Chapter 25. Expanding Your Data Warehouse with Unstructured Data
In This Chapter
Recognizing the limits of today's data warehousing
Getting data through multimedia
Looking at business intelligence and unstructured data
Going from unstructured information to structured data
Today's data landscape now encompasses a dizzying array of new information channels, new sources of data, and new analysis and reporting imperatives. According to analyst groups, nearly 80 to 85 percent of today's data is unstructured, and new information channels such as Web, e-mail, voice over IP, instant messaging (IM), text messaging, and podcasts are rapidly creating huge stores of nontraditional data. Data from any of these sources will be requested from your users to be integrated into your data warehouse.

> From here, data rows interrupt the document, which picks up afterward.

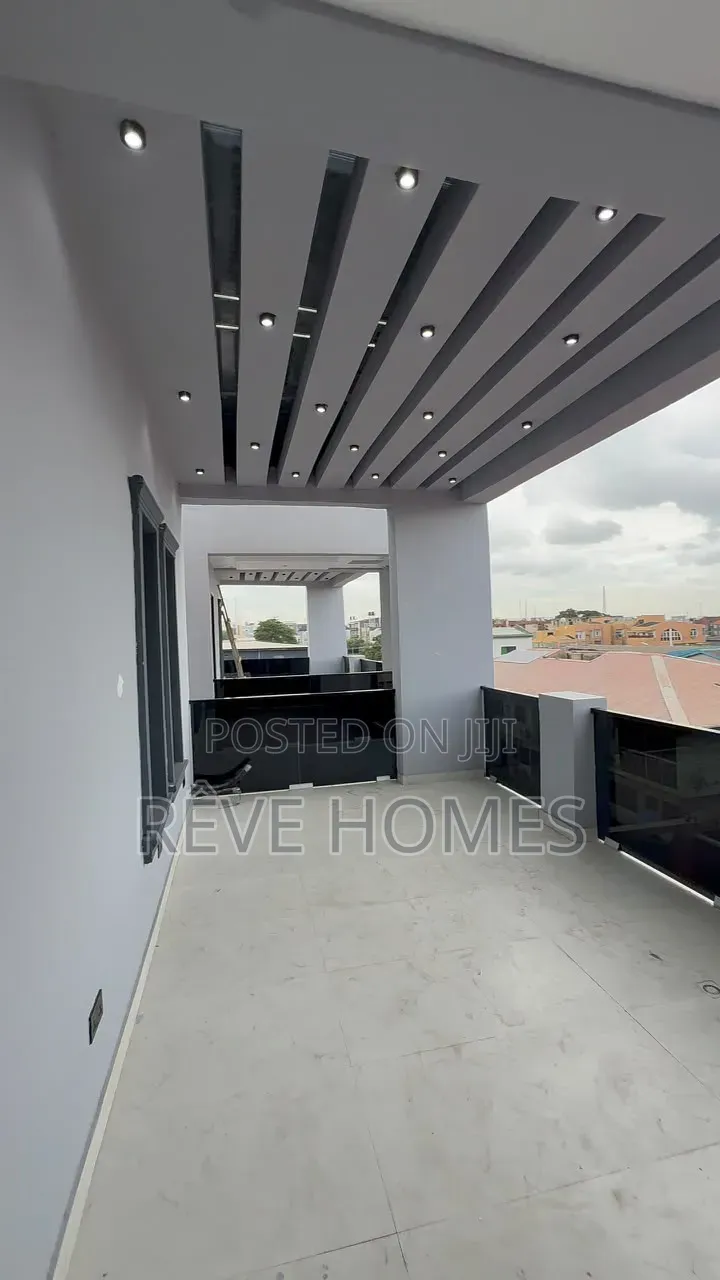 5bdrm Duplex in Opebi for sale in Opebi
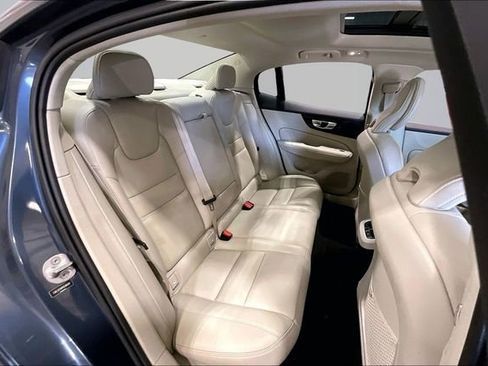 Certified 2023 Volvo S60 B5 Ultimate w/ Climate Package image 29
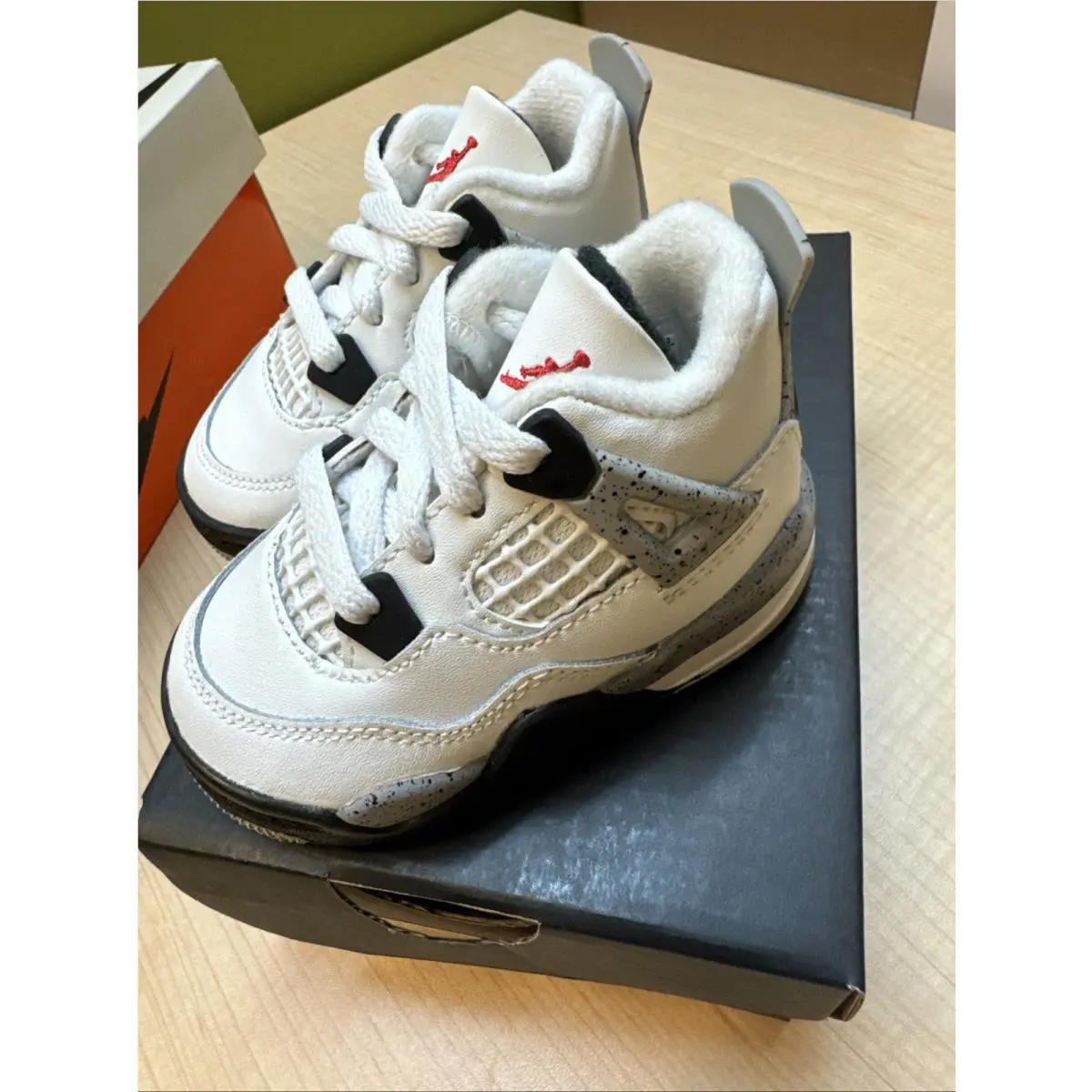 Nike shoes - Air Jordan 4 - Air - White 6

Traditional Data Warehousing Means Analyzing Traditional Data Types
Unless you've used an extraordinary, state-of-the-art data warehouse, your business intelligence functionality has probably been limited to these types of data:
Numbers: Numeric data in the technical form of integers and decimal numbers
Text: Character data, typically fixed-length alphanumeric information that's rarely more than about 255 characters per occurrence, although (very rarely) it might go up to 4,000 characters
Dates and times: Either actual dates and times or, more likely, ranges of dates (such as a month and year for which product sales are grouped and stored)
That's about it.
To be fair, data warehousing in its original incarnation, ...